Segment Start: Records shown

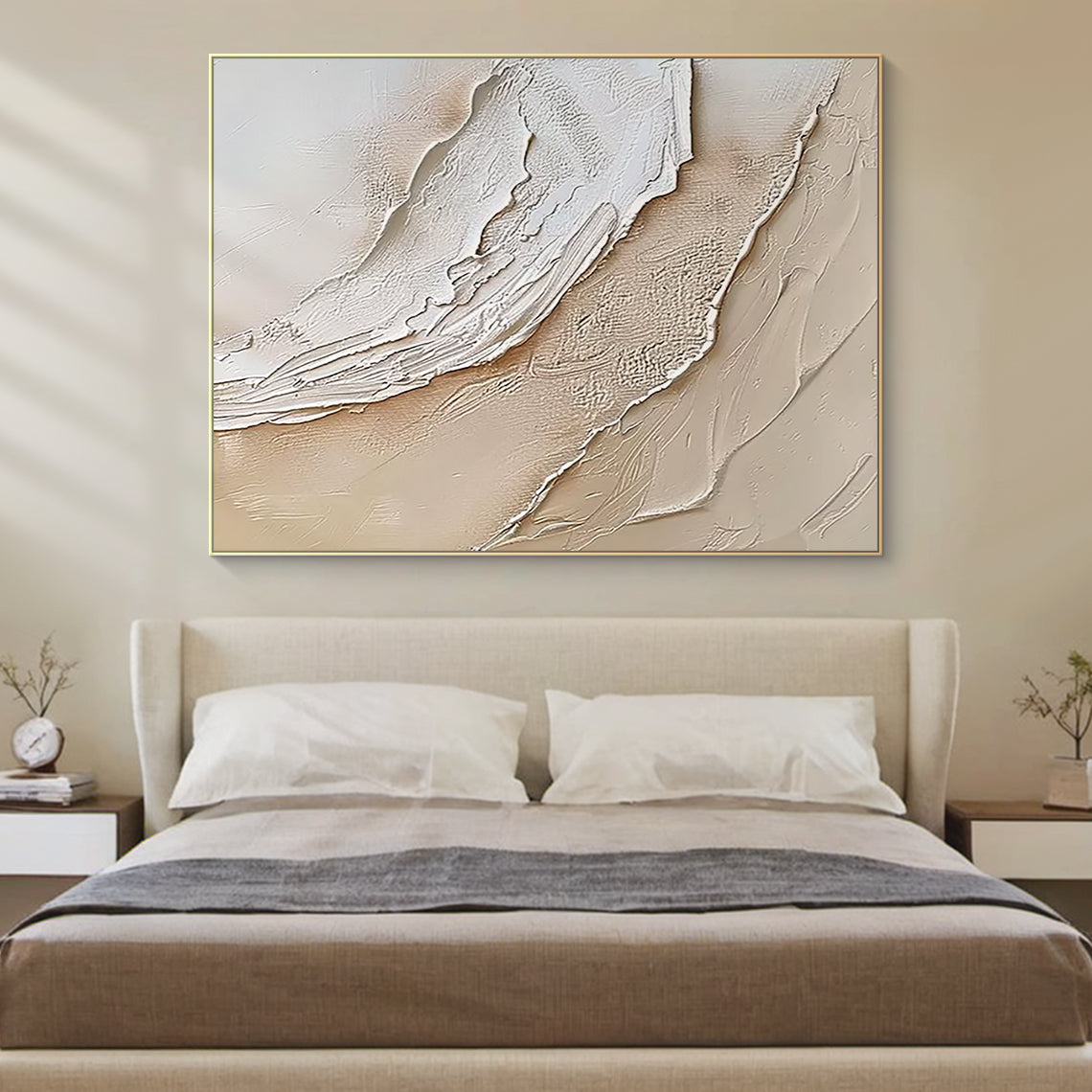 Organic Wave Texture Canvas – Cream & Taupe Tones – AURA007(Square)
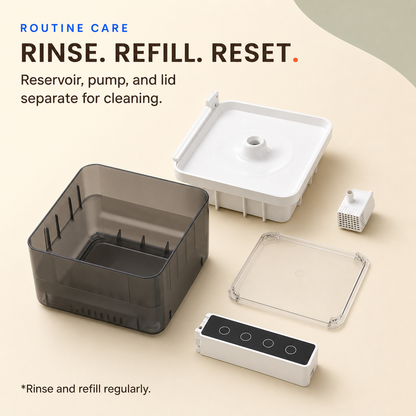 Separated reservoir, pump, lid, tray, and control housing for routine cleaning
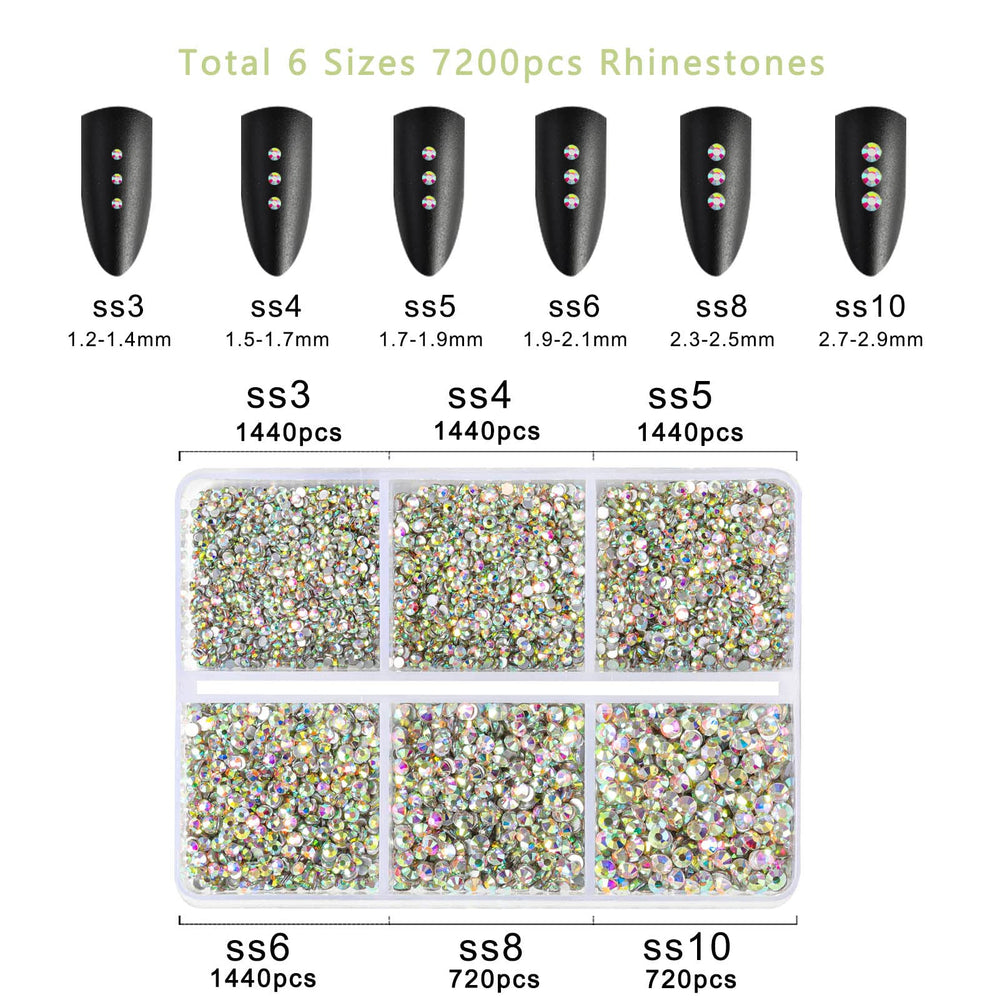 BEADSLAND rhinestones next to a ruler showing size range for accurate selection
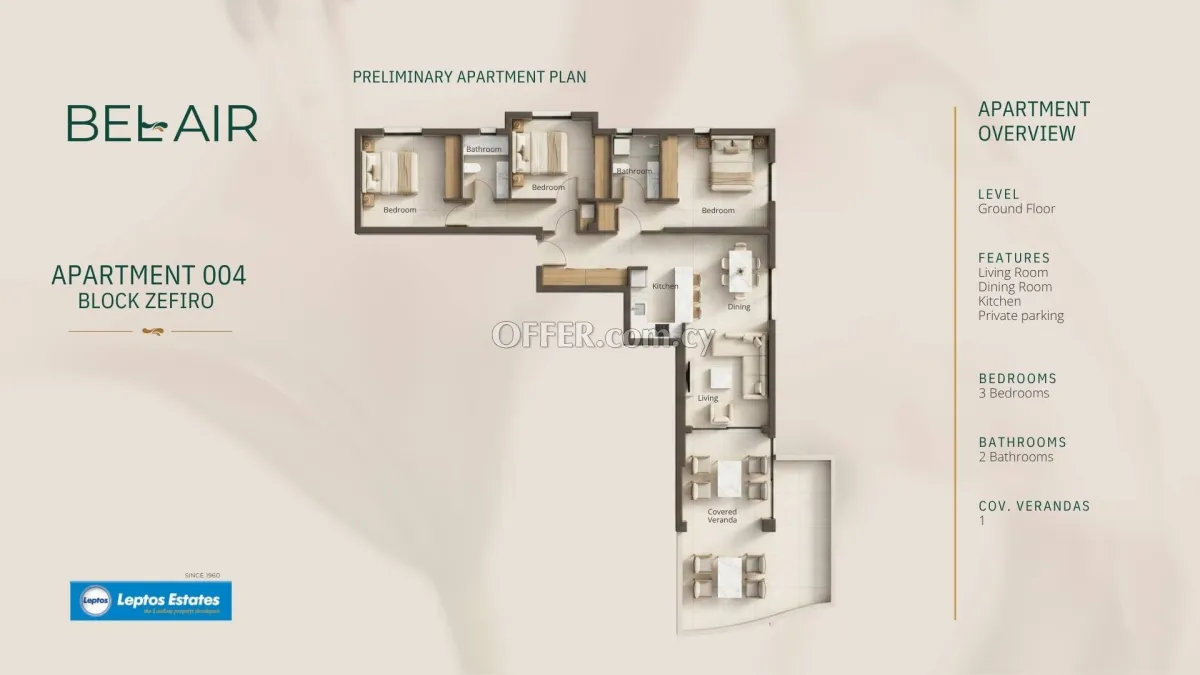 3 bed apartment for sale in Geroskipou Pafos - 2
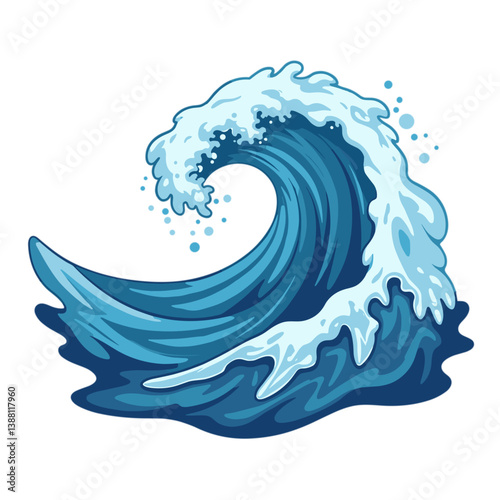Ocean wave illustration with splashes in blue colors  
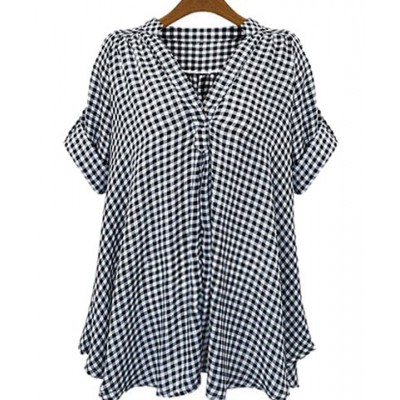 Casual Stand-Up Collar Short Sleeve Plaid Loose-Fitting Blouse For Women white black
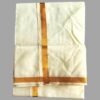 Cream Cotton Dhoti 4 Meters with Gold Border Unstitched Unfolded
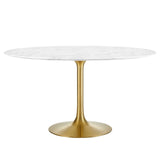 Modway Furniture Lippa 54" Round Artificial Marble Dining Table Gold White EEI-3233-GLD-WHI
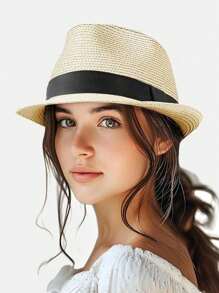 1PC Foldable Straw Fedora Hat - Short Brim Rolled Edge Panama Hat For Summer Beach Sun Protection Lightweight Breathable Casual Travel Sun Hat,Vacation - Multicolor - View 4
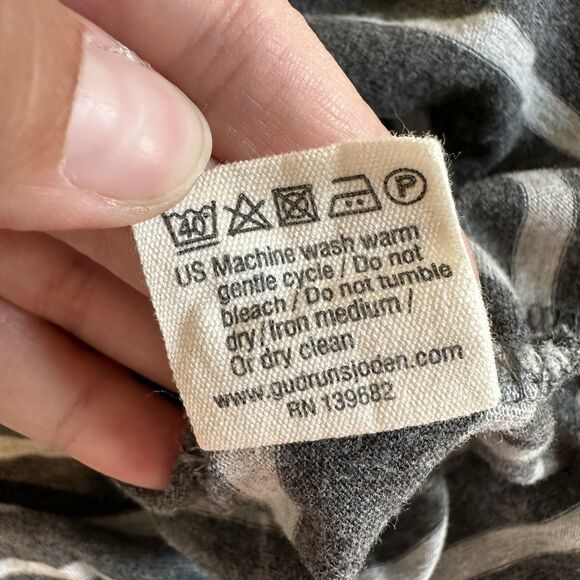 Gudrun Sjoden Dress Large Gray Stripe Organic Cotton Stretch Lagenlook Patch - Picture 7 of 10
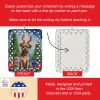 Border Terrier Christmas Reindeer Porcelain Ornament Christmas Tree Hanging Decorations for Home Christmas Holiday, Rectangle, Gift, Multicolor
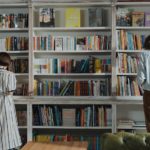 Man and woman at book shop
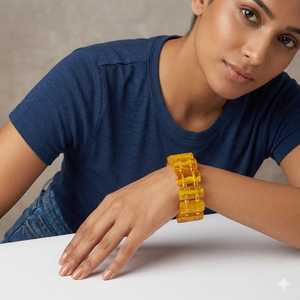 กำไลข้อมือเรซิ่นสีเหลืองวินเทจ ชุบทอง ดีไซน์แบบอิสลาม เหมาะสำหรับทั้งชายและหญิง ของขวัญเครื่องประดับแฟชั่น - Product Image 2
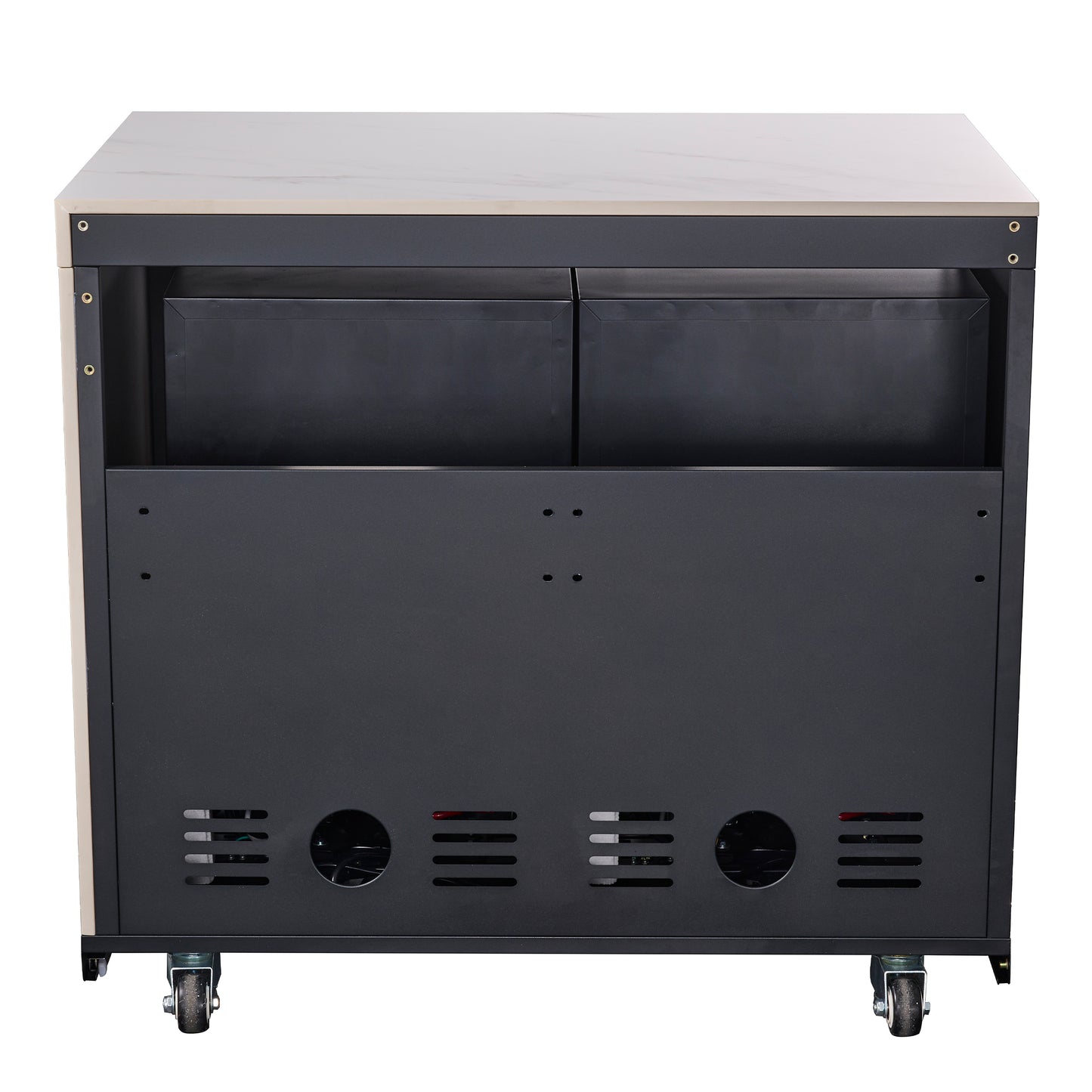 Forno Rimini Outdoor Kitchen: 30" BBQ 62,600 BTU, 4.8 cu.ft. Refrigerators, White Countertops - Forno Appliances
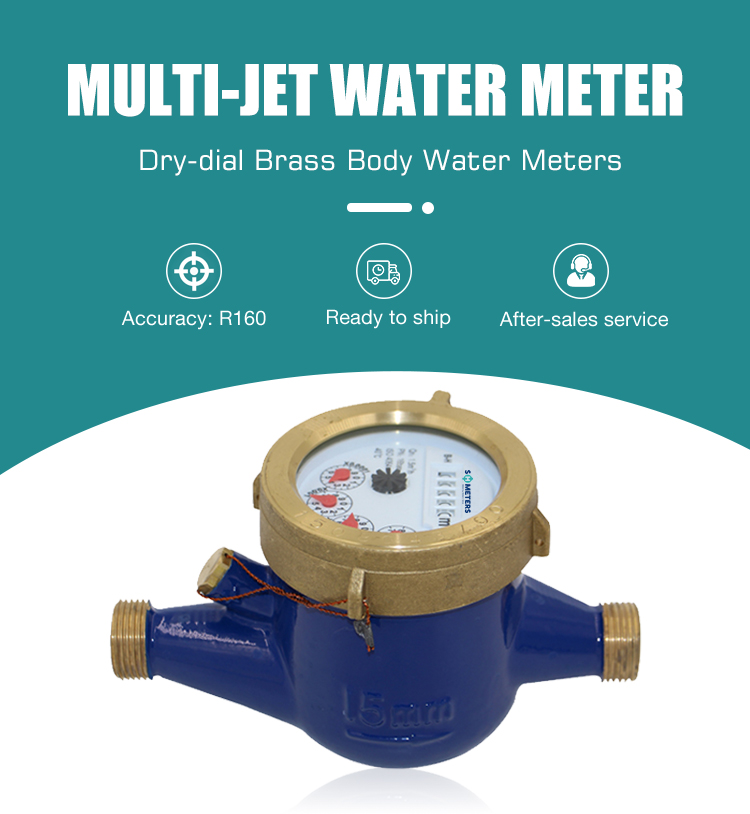 Multi Jet Water Meter Dn25 Metal Brass Dry Dial,multijet Meters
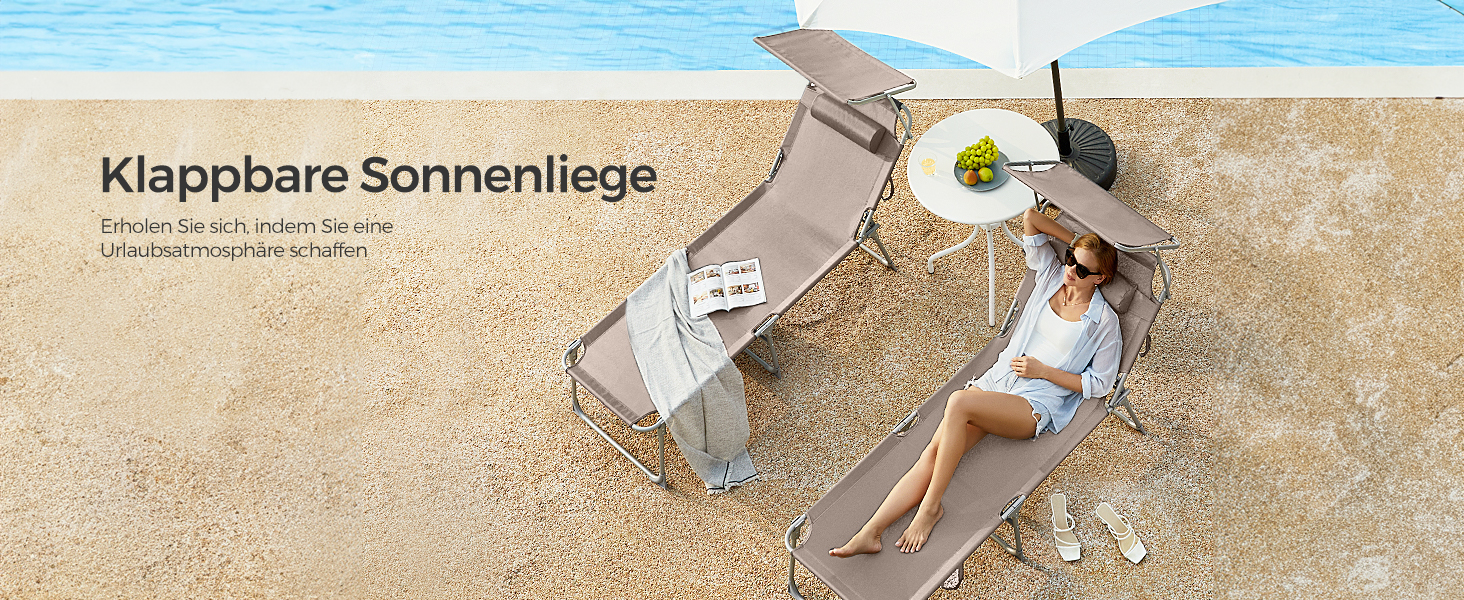 Лежак для відпочинку SONGMICS, розкладний, 193 x 53 x 29 см, до 150 кг, захист від сонця, подушка, регульована спинка, для саду, басейну, тераси (Taupe, без наматрацу)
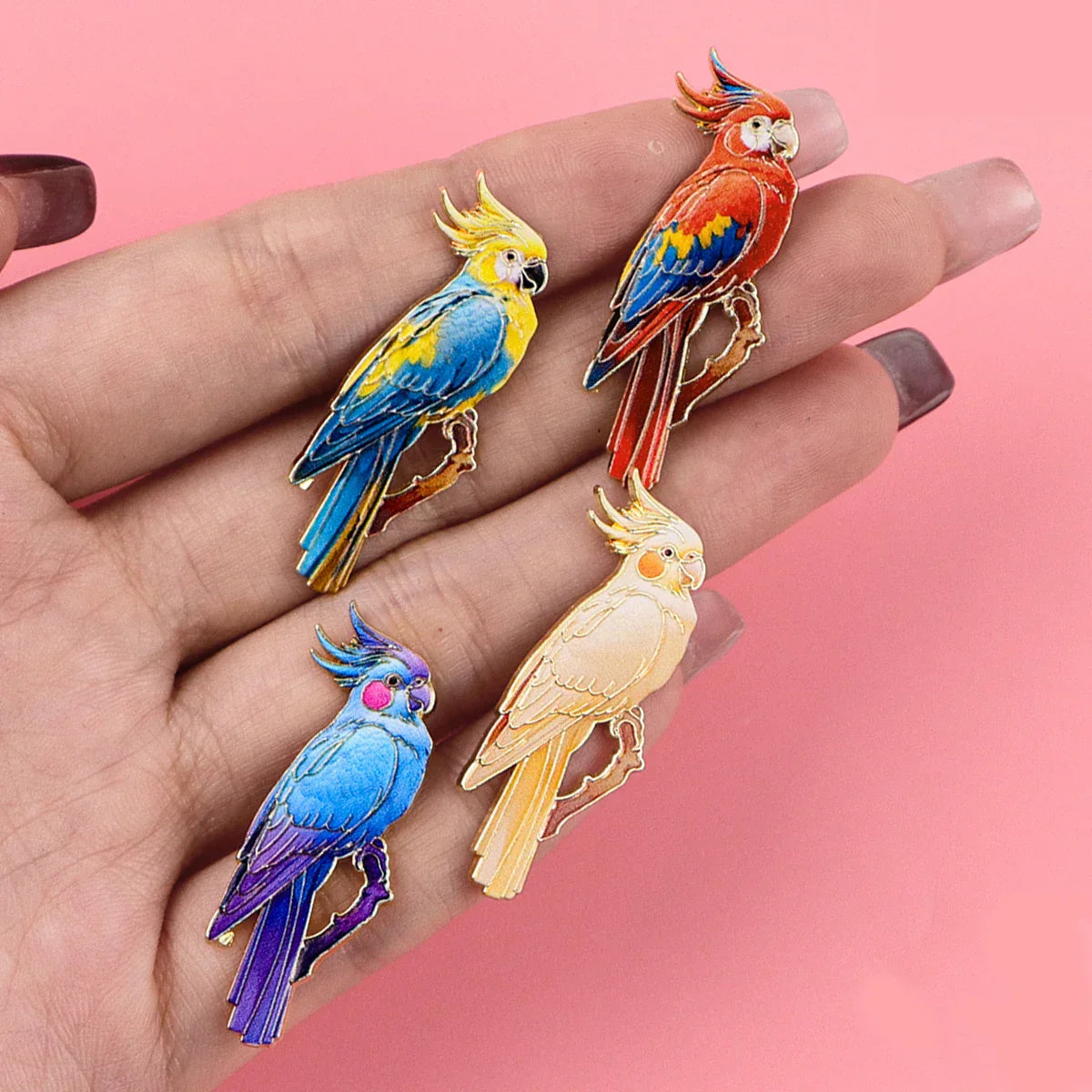 4pcs Colorful Parrot Enamel Pin Cute Brooches Pins Badge on Backpack Clothing Accessories Vintage Jewelry Friends Gifts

Segment End: Records shown

Leaving out any images, restate every record word for word.

 Organic Wave Texture Canvas – Cream & Taupe Tones – AURA007(Square)
 Separated reservoir, pump, lid, tray, and control housing for routine cleaning
 BEADSLAND rhinestones next to a ruler showing size range for accurate selection
 3 bed apartment for sale in Geroskipou Pafos - 2
Ocean wave illustration with splashes in blue colors  
 Casual Stand-Up Collar Short Sleeve Plaid Loose-Fitting Blouse For Women white black
 Cream Cotton Dhoti 4 Meters with Gold Border Unstitched Unfolded
 Modway Furniture Lippa 54" Round Artificial Marble Dining Table Gold White EEI-3233-GLD-WHI
 1PC Foldable Straw Fedora Hat - Short Brim Rolled Edge Panama Hat For Summer Beach Sun Protection Lightweight Breathable Casual Travel Sun Hat,Vacation - Multicolor - View 4
 Gudrun Sjoden Dress Large Gray Stripe Organic Cotton Stretch Lagenlook Patch - Picture 7 of 10
 Border Terrier Christmas Reindeer Porcelain Ornament Christmas Tree Hanging Decorations for Home Christmas Holiday, Rectangle, Gift, Multicolor
 Man and woman at book shop
 กำไลข้อมือเรซิ่นสีเหลืองวินเทจ ชุบทอง ดีไซน์แบบอิสลาม เหมาะสำหรับทั้งชายและหญิง ของขวัญเครื่องประดับแฟชั่น - Product Image 2
 Forno Rimini Outdoor Kitchen: 30" BBQ 62,600 BTU, 4.8 cu.ft. Refrigerators, White Countertops - Forno Appliances
 Multi Jet Water Meter Dn25 Metal Brass Dry Dial,multijet Meters
 Лежак для відпочинку SONGMICS, розкладний, 193 x 53 x 29 см, до 150 кг, захист від сонця, подушка, регульована спинка, для саду, басейну, тераси (Taupe, без наматрацу)
 4pcs Colorful Parrot Enamel Pin Cute Brooches Pins Badge on Backpack Clothing Accessories Vintage Jewelry Friends Gifts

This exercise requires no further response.